Citando Maria Gabriela Llansol, o curador articula a Bienal em torno do conceito de ‘fulgor’, propondo a criação de uma liberdade sustentada nos afetos, na sua capacidade de propor e de constantemente reiterar novas experiências e enquadramentos sensíveis. Partindo desta premissa, a exposição consolida uma apresentação coletiva e múltipla que pretende, mais do que apresentar uma seleção pré-determinada, utilizar um recorte do panorama artístico para dinamizar uma “partilha do sensível”1 que se traduz não só nas visitas e encontros com os objetos, mas também nas ativações subsequentes que pretendem continuamente promover uma aproximação entre espetador, artista e objeto e processo artístico. Deste modo, a coleção de obras aqui apresentadas multiplica-se na sua variedade, apresentando um diálogo constante entre a produção contemporânea e algumas obras menos recentes, cujo objetivo é o de multiplicar, ramificar e dar a ver o radicalmente diferente. A ideia de Llansol que ocupa o centro da exposição parece reverberar as ideias de Deleuze e Guattari perante a arte: “É de toda a Arte que seria preciso dizer: o artista é mostrador de afectos, inventor de afectos, criador de afectos, em relação com os perceptos ou visões que nos dá.”2 É sobre esta premissa - a vontade de continuamente multiplicar os afetos, explicitamente politizados - que a Bienal parece lutar por construir um espaço de liberdade, onde a criação artística reflete precisamente essa capacidade.
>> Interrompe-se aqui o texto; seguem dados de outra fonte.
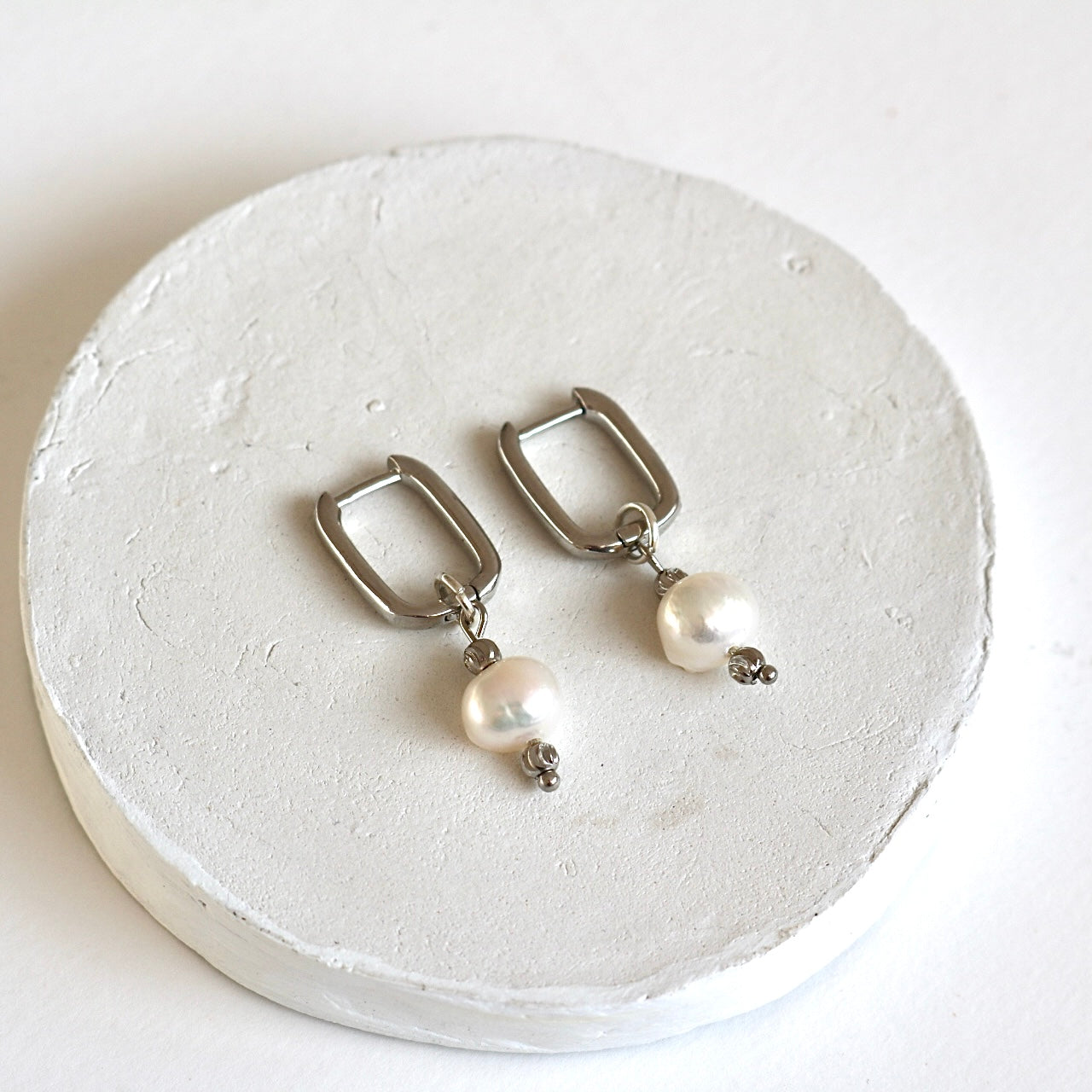 OVAL HOOPS WITH DETACHABLE PEARL IN PLATINUM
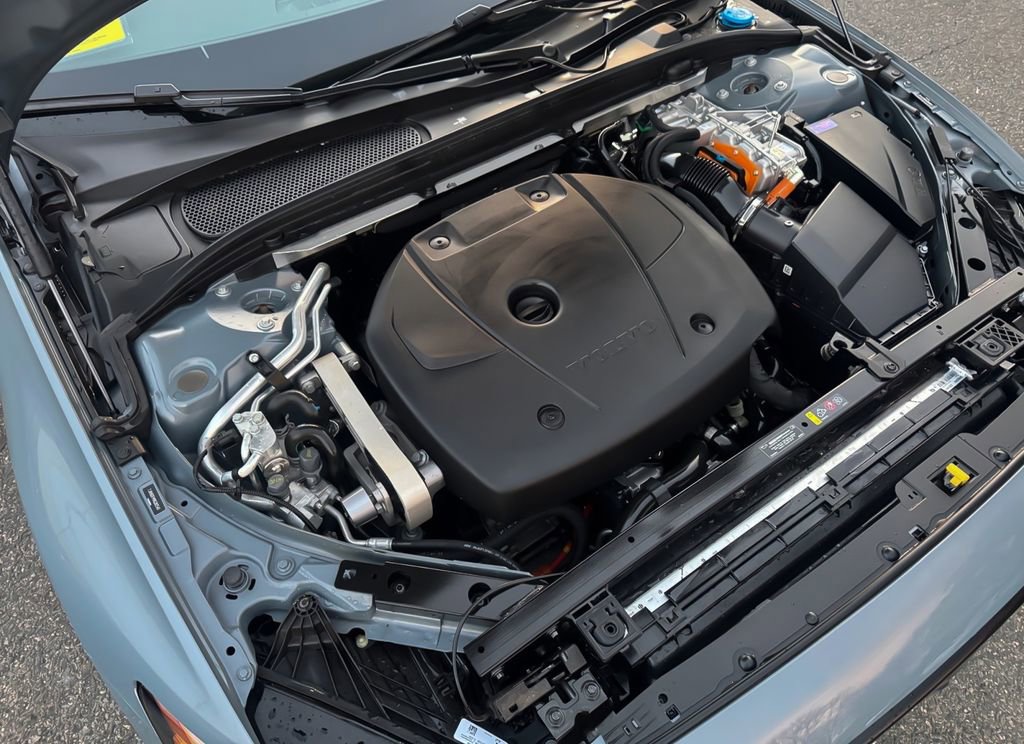 Used 2024 Volvo S60 T8 Ultimate image 31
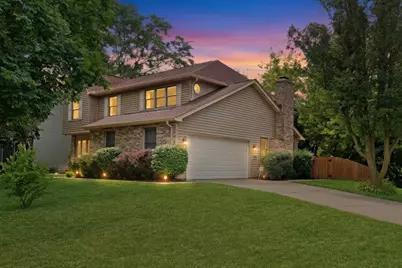 400 Cross Arm Drive, Grayslake, IL 60030 - Photo 2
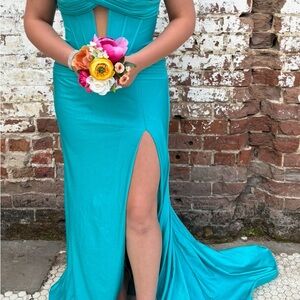 Gorgeous Turquoise Jovani Gown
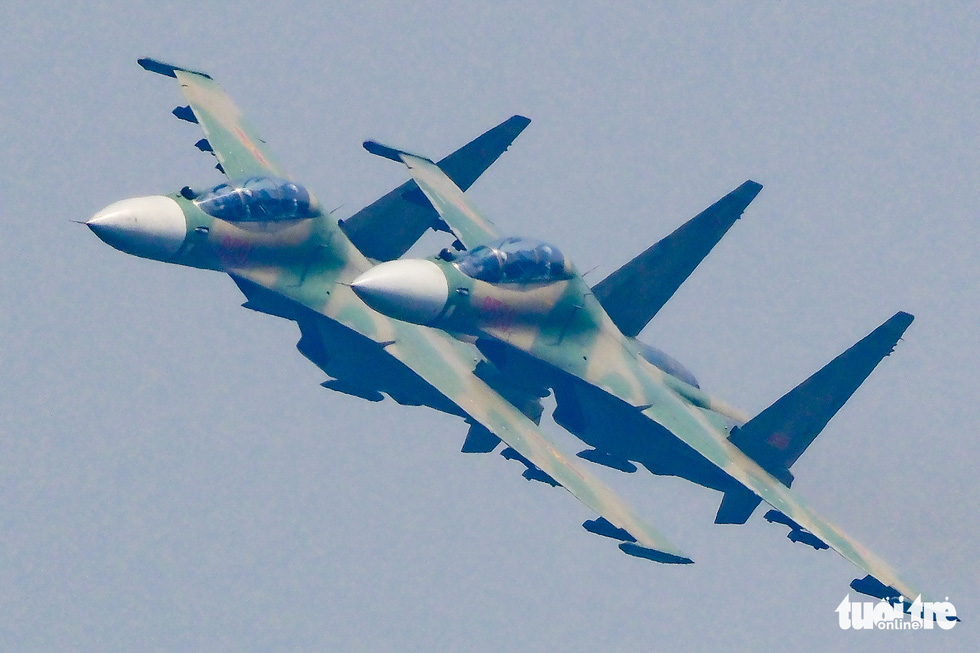 Bộ Ngoại giao lên tiếng về máy bay quân sự Việt Nam trên bầu trời Hà Nội - Ảnh 1.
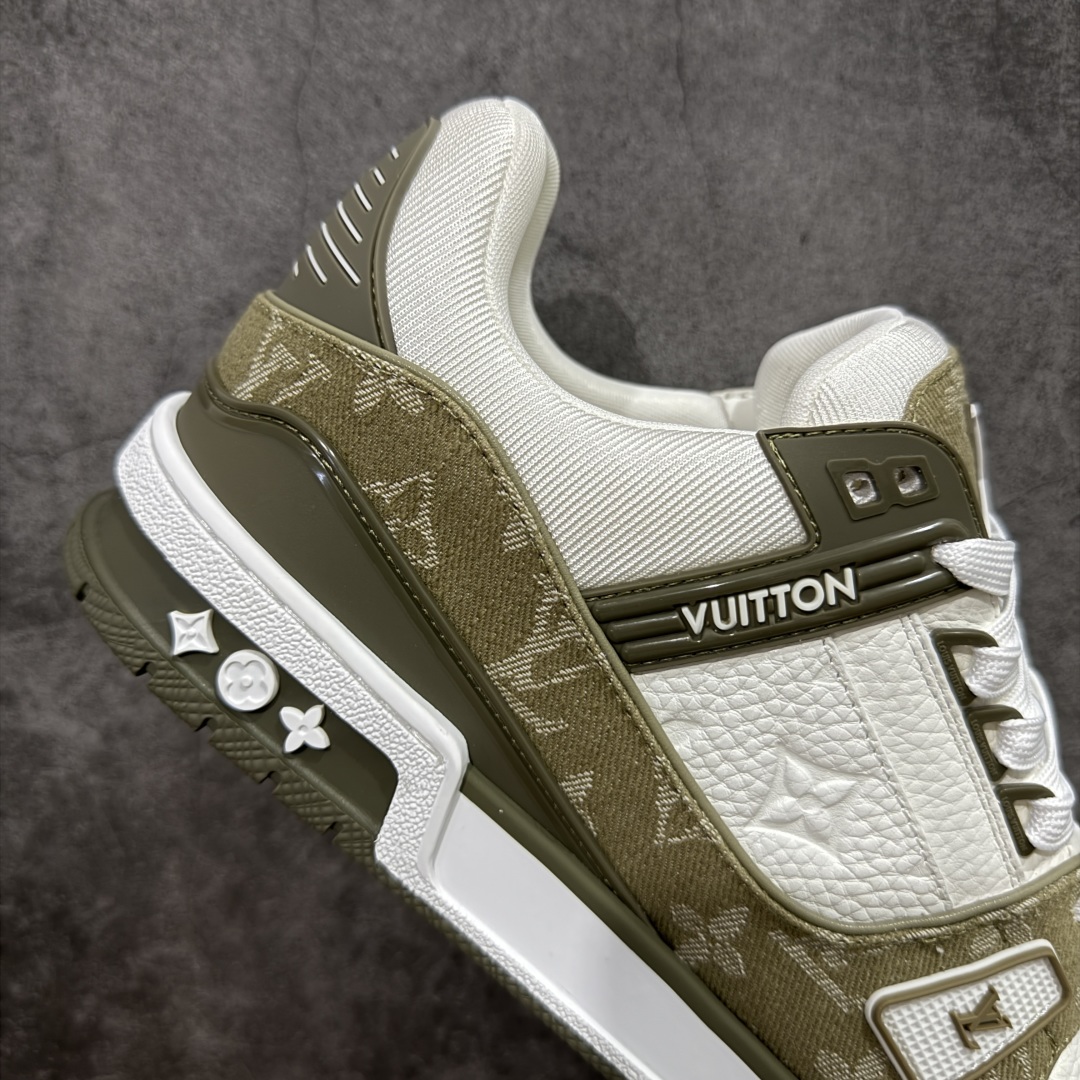 图片[7]-【私人订单】Louis Vuitton LV Trainer 系列 市场最强版 没有之一的存在💪🏻 2025最新版 同步官方星空鞋盒 礼盒包装 纯原顶级高端复刻 高端零售首选版本 购入2025 最新原版1-1开发复刻 相似度百分之99 大货拿在手上无法辨别真假 全鞋身做工精细 进口西班牙3mm斗牛皮摔荔纹韧度拉力十足 鞋面压花长时间不会消失 独家网版开模侧边饰VU ITTON标志与正品完全一致 侧面白荔皮压花凹凸立体感直接媲美正品 新版正品欧斯耐高弹160垫脚 脚感超舒适 独家底磨特供双色TPU组合大底 大底采用进口橡胶树材质套包工艺 固特异缝合锁边空胶工艺 永不开胶断线。 全套专柜24年底圣诞节限定包装，另有经典黄盒包装可选配。 专柜统一尺码（偏大一码）全网独家半码 女码：35 35.5 36 36.5 37 37.5 38 38.5 39 男码：39 40 40.5 41 41.5 42 42.5 43 43.5 44 44.5 45 46 47 （欧码 皮鞋尺码）比运动鞋大一码 全网独家做到最大47码 偏大一码 45=46 46=47 47=48 独家私模-选品中心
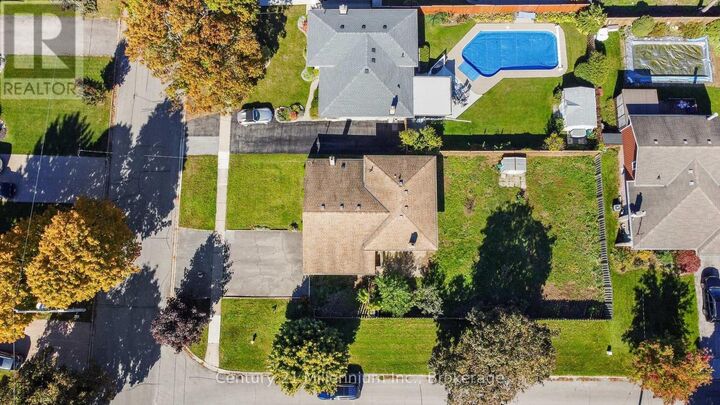 Photo de la propriété:  36 Shoreline Drive  ON L2N 3W1 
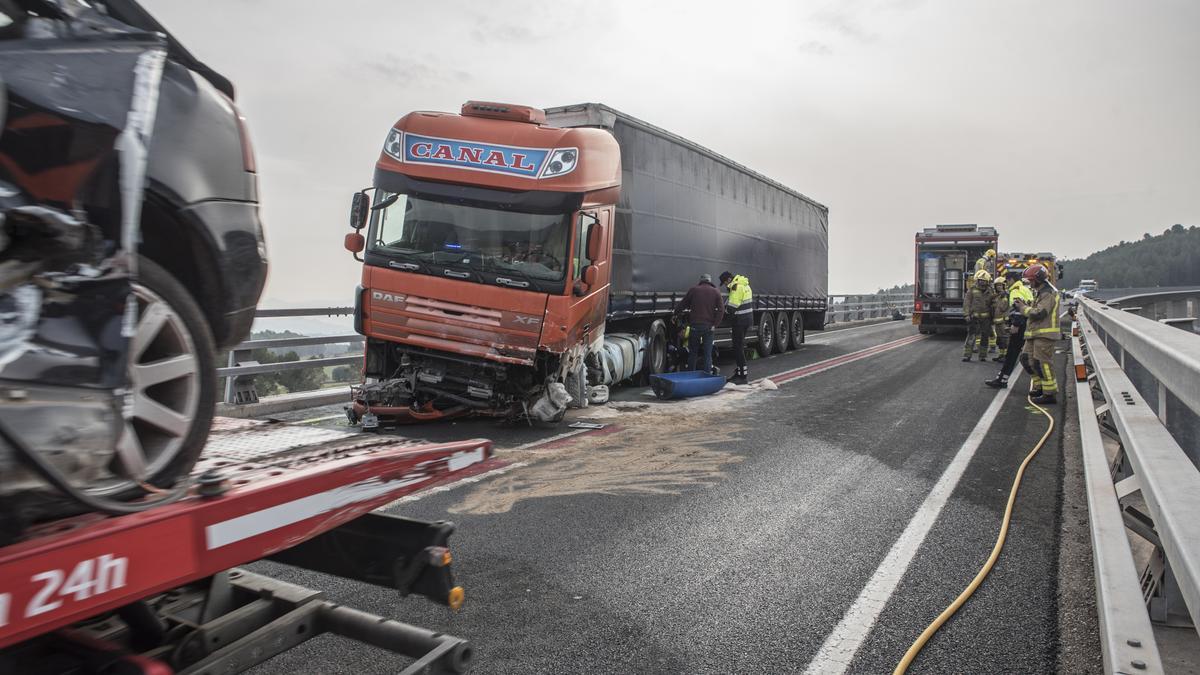 Els vehicles implicats en l'accident a la C-37, a Manresa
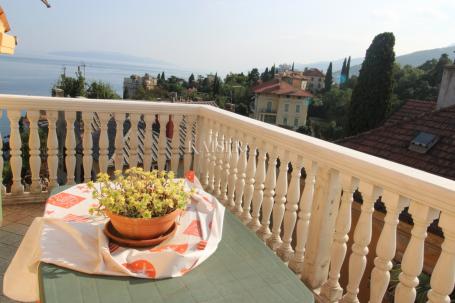 Opatija, Volosko, apartment on the second floor in an attractive position with a beautiful view towa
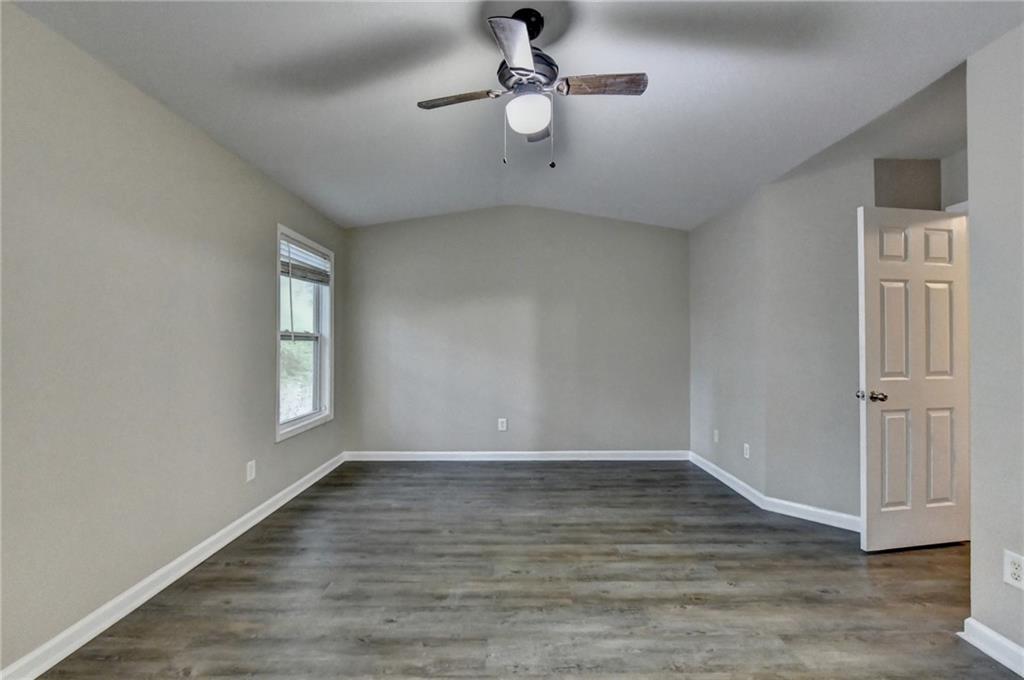 2152 Executive Drive Property Photo 37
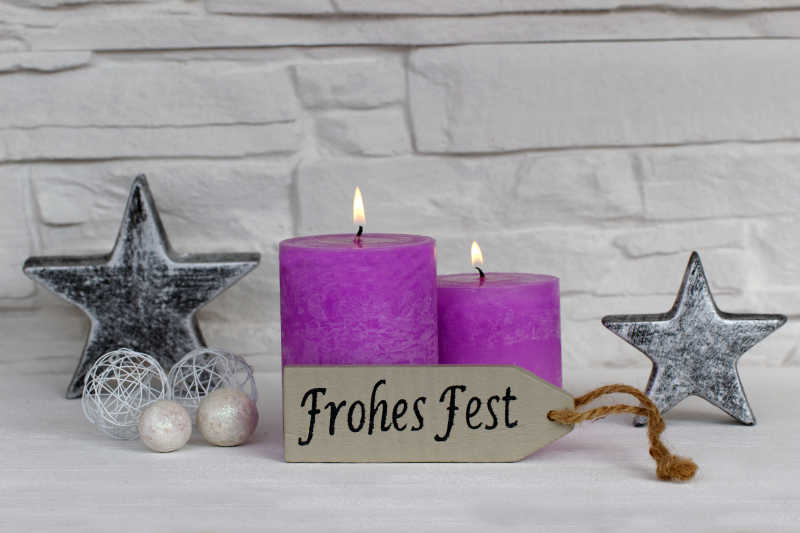 圣诞节紫色蜡烛和时尚的圣诞节装饰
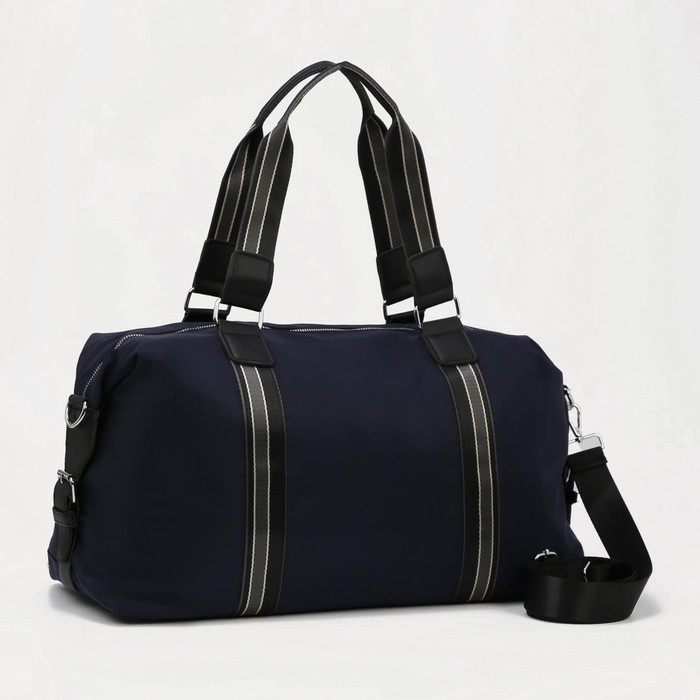 Сумка дорожная на молнии, наружный карман, длинный ремень, цвет синий
Сумка дорожная на молнии, наружный карман, длинный ремень, цвет синий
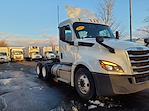 Used 2019 Freightliner Cascadia Day Cab 6x4, Semi Truck for sale #840633 - photo 4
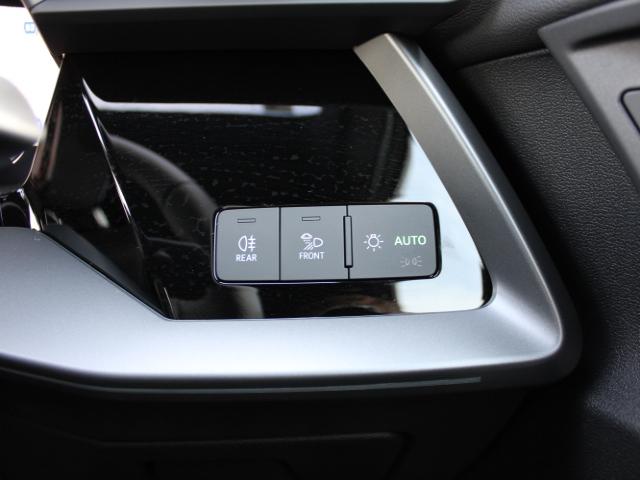 S3 スポーツバック ブラックAudi rings&ブラックスタイリングパッケージダンピングコントロールサスペンションSONOS 3Dサウンドシステムカラードブレーキキャリパーレッド(32枚目)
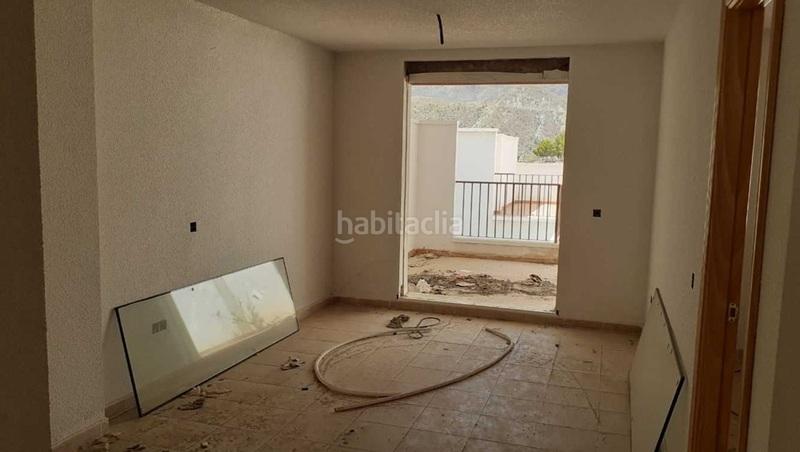 Foto ef004cc7-667b-4be8-bfd7-98336b0790d5. Aparcament cotxe a Terque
Se a mostra se desdobra numa enorme variedade de artistas e práticas, um nome é sugerido pelo curador enquanto central: o de Eduardo Batarda. Ocupando parte considerável da exposição, a série recente Misquoteros: A Selection of T-Shirt Fronts protagoniza esta relação com um claro humor imediatamente presente no jogo de palavras que a intitula. Nesta série de pinturas, a produção de sentido parece, ao mesmo tempo, amplificada pelo uso do texto e problematizada pela sua incoerência. O contacto com o estranho, o ambíguo - o texto que parece tocar no non-sense - centraliza a experiência que o projeto curatorial procura expandir a todos os objetos que ocupam o Fórum da Maia. É deste modo que, canalizando a mesma energia, a restante exposição articula obras que remetem ao sonho, à ilusão, à criação inocente, ao contacto com epistemologias alternativas, onde a divisão entre alta e baixa cultura se desvanece num espaço que pretende ser horizontal.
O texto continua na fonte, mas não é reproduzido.